Start of Study material
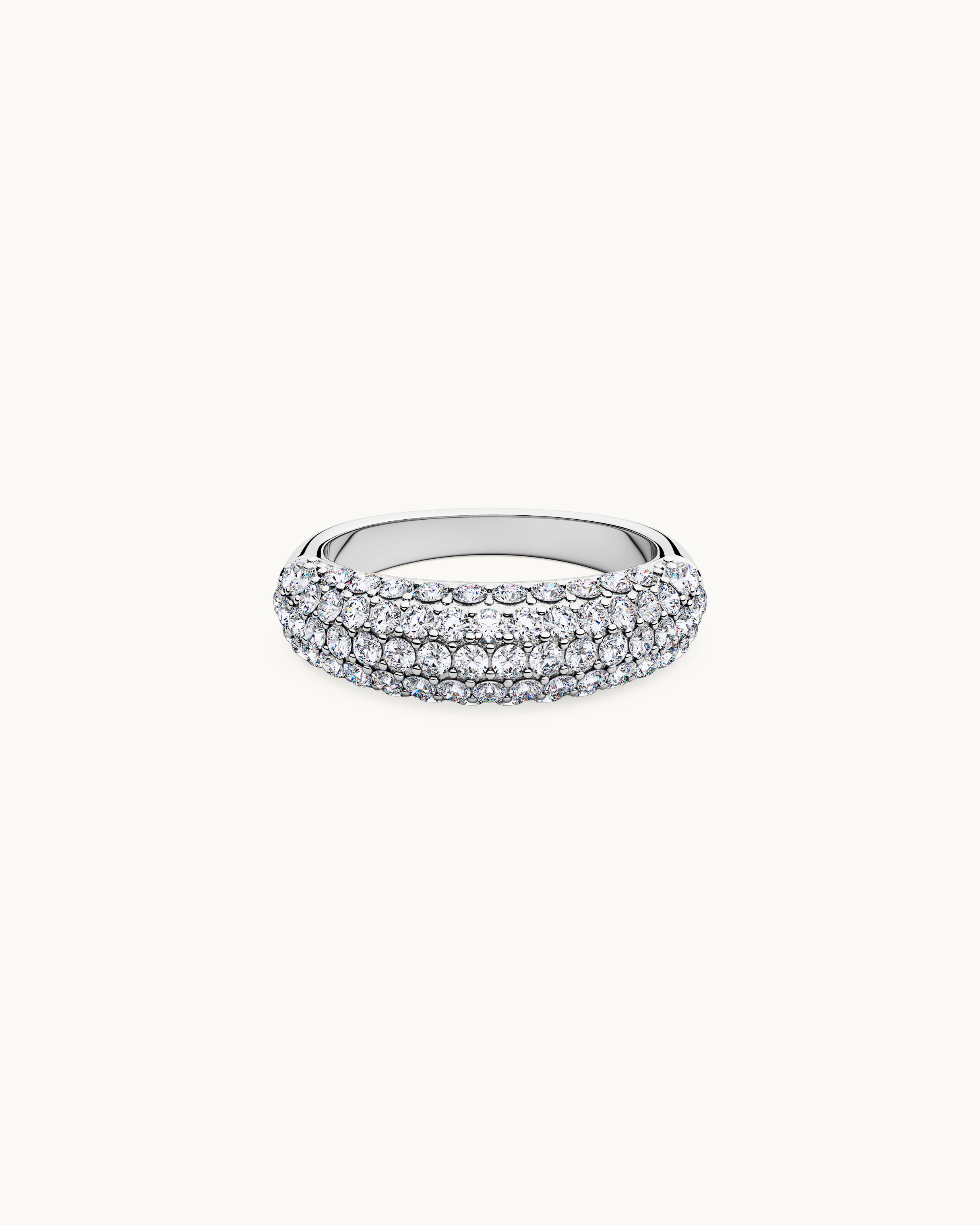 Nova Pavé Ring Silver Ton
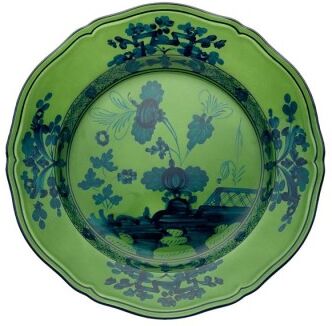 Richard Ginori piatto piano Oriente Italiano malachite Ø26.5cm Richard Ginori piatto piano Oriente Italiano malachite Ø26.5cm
End of Study material
Start of Study material
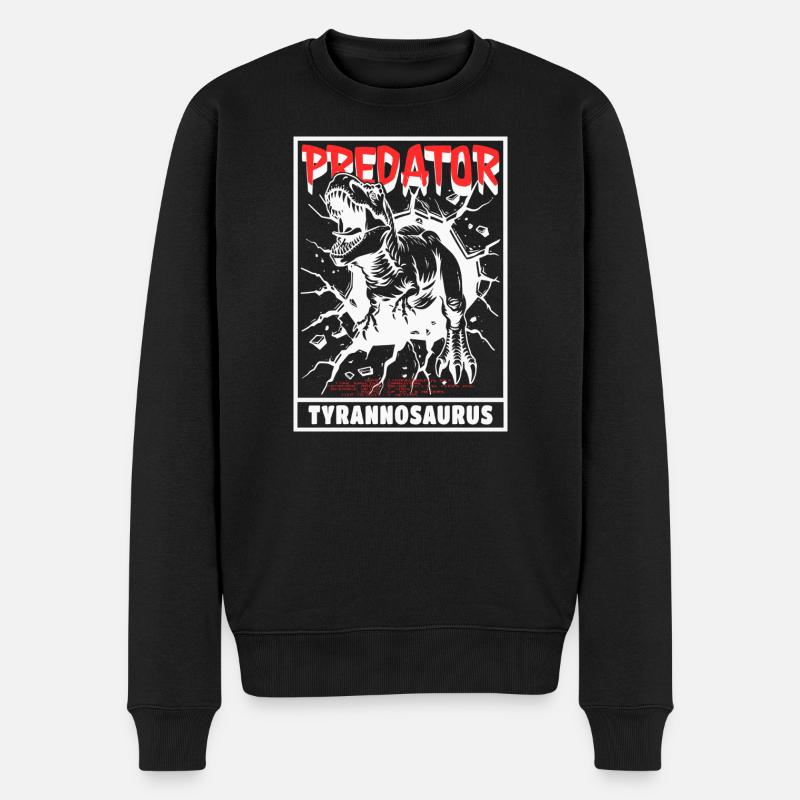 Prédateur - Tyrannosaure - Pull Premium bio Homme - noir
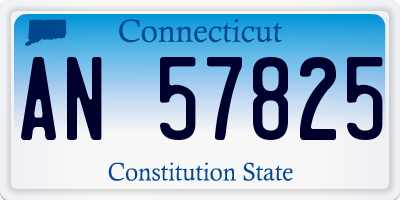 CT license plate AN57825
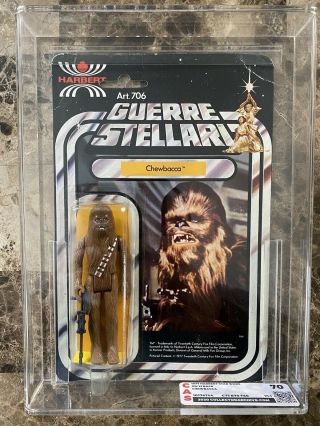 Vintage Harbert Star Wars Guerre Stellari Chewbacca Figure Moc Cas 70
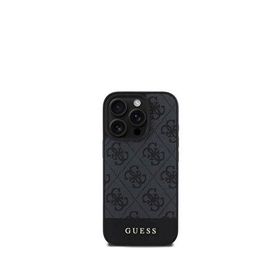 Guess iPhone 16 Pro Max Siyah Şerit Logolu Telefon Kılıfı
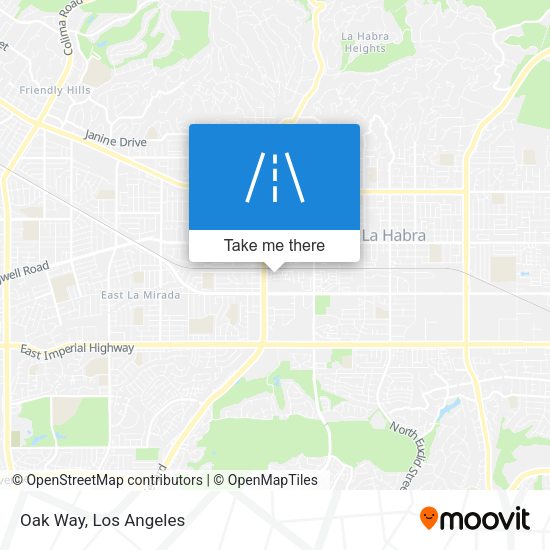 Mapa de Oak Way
End of Study material
Start of Study material
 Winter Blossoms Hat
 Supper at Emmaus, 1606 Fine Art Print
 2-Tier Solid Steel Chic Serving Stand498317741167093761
End of Study material
→ **Work to be completed**:
Return exactly the stretch above whose first line contains "Nova Pavé Ring Silver Ton" and whose last line contains "malachite Ø26.5cm Richard", and nothing outside it. The pictures should not appear.

→ **Completed task**:
 Nova Pavé Ring Silver Ton
 Richard Ginori piatto piano Oriente Italiano malachite Ø26.5cm Richard Ginori piatto piano Oriente Italiano malachite Ø26.5cm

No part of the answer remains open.